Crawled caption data

<<<<

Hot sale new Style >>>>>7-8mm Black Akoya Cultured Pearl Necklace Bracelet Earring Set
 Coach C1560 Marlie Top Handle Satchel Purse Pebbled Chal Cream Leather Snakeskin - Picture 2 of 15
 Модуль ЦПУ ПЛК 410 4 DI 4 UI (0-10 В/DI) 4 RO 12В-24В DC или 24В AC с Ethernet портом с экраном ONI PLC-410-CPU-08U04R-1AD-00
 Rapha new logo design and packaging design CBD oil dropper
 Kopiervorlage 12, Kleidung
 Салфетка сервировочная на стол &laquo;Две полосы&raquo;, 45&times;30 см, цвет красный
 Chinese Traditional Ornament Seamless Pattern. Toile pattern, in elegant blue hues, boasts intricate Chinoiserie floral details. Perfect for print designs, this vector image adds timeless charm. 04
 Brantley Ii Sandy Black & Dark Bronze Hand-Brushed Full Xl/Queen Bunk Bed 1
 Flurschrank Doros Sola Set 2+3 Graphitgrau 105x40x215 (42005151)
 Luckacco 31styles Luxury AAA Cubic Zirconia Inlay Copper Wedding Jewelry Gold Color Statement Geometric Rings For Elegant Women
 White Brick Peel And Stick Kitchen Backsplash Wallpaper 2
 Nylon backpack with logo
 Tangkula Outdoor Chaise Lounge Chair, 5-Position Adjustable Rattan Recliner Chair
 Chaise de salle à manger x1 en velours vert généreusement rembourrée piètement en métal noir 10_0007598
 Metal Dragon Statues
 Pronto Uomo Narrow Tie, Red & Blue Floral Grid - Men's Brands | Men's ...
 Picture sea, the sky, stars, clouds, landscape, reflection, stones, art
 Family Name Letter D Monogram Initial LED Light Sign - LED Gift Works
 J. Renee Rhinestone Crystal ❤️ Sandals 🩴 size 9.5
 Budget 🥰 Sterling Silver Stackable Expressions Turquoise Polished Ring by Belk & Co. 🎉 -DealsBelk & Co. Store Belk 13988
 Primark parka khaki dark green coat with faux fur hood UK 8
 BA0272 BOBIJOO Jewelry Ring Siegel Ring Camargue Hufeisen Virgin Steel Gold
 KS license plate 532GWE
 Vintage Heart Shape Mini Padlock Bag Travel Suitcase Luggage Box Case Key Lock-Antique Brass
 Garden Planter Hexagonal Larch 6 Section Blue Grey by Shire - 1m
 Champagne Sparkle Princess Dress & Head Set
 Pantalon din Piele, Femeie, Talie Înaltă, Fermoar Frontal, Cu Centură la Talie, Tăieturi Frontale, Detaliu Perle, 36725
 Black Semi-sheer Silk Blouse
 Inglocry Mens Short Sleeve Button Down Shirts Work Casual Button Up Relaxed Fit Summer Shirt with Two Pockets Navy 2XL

>>>>

Restate the data verbatim through the "Pronto Uomo Narrow" line.

> Response to this exercise
Hot sale new Style >>>>>7-8mm Black Akoya Cultured Pearl Necklace Bracelet Earring Set
 Coach C1560 Marlie Top Handle Satchel Purse Pebbled Chal Cream Leather Snakeskin - Picture 2 of 15
 Модуль ЦПУ ПЛК 410 4 DI 4 UI (0-10 В/DI) 4 RO 12В-24В DC или 24В AC с Ethernet портом с экраном ONI PLC-410-CPU-08U04R-1AD-00
 Rapha new logo design and packaging design CBD oil dropper
 Kopiervorlage 12, Kleidung
 Салфетка сервировочная на стол &laquo;Две полосы&raquo;, 45&times;30 см, цвет красный
 Chinese Traditional Ornament Seamless Pattern. Toile pattern, in elegant blue hues, boasts intricate Chinoiserie floral details. Perfect for print designs, this vector image adds timeless charm. 04
 Brantley Ii Sandy Black & Dark Bronze Hand-Brushed Full Xl/Queen Bunk Bed 1
 Flurschrank Doros Sola Set 2+3 Graphitgrau 105x40x215 (42005151)
 Luckacco 31styles Luxury AAA Cubic Zirconia Inlay Copper Wedding Jewelry Gold Color Statement Geometric Rings For Elegant Women
 White Brick Peel And Stick Kitchen Backsplash Wallpaper 2
 Nylon backpack with logo
 Tangkula Outdoor Chaise Lounge Chair, 5-Position Adjustable Rattan Recliner Chair
 Chaise de salle à manger x1 en velours vert généreusement rembourrée piètement en métal noir 10_0007598
 Metal Dragon Statues
 Pronto Uomo Narrow Tie, Red & Blue Floral Grid - Men's Brands | Men's ...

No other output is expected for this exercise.